REQUIRED ACTION: Give the data again exactly, from its opening line through the line in which "Oorlogsmonument Vraignes-en-Vermandois" appears.

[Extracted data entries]
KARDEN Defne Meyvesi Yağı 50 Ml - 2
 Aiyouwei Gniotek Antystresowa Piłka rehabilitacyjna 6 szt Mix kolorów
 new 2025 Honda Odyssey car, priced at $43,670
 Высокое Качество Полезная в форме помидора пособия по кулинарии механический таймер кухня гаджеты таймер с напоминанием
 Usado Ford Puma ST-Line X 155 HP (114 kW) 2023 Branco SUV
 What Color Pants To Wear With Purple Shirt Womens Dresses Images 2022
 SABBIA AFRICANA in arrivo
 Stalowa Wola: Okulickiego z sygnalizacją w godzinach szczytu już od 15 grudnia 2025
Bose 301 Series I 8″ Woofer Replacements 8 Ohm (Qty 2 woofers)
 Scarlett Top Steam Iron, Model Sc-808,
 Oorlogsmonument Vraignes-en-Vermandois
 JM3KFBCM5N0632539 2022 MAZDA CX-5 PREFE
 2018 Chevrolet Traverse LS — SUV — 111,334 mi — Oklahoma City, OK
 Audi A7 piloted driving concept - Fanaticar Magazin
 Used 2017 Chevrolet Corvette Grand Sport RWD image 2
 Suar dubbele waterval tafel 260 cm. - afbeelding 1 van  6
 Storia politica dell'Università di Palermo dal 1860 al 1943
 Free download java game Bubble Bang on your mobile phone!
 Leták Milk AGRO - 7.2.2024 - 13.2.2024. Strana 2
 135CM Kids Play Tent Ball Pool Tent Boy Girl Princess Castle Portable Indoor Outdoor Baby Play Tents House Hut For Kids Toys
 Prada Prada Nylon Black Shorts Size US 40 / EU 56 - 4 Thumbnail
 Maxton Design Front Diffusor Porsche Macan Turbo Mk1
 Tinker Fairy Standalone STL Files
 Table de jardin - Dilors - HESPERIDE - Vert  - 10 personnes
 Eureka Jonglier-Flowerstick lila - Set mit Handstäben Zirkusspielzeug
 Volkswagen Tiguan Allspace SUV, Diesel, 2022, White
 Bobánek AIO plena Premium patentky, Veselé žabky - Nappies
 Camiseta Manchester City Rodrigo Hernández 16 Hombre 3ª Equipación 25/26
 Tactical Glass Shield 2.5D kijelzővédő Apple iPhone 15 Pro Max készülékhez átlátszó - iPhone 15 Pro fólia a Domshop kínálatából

EXERCISE SOLUTION:
KARDEN Defne Meyvesi Yağı 50 Ml - 2
 Aiyouwei Gniotek Antystresowa Piłka rehabilitacyjna 6 szt Mix kolorów
 new 2025 Honda Odyssey car, priced at $43,670
 Высокое Качество Полезная в форме помидора пособия по кулинарии механический таймер кухня гаджеты таймер с напоминанием
 Usado Ford Puma ST-Line X 155 HP (114 kW) 2023 Branco SUV
 What Color Pants To Wear With Purple Shirt Womens Dresses Images 2022
 SABBIA AFRICANA in arrivo
 Stalowa Wola: Okulickiego z sygnalizacją w godzinach szczytu już od 15 grudnia 2025
Bose 301 Series I 8″ Woofer Replacements 8 Ohm (Qty 2 woofers)
 Scarlett Top Steam Iron, Model Sc-808,
 Oorlogsmonument Vraignes-en-Vermandois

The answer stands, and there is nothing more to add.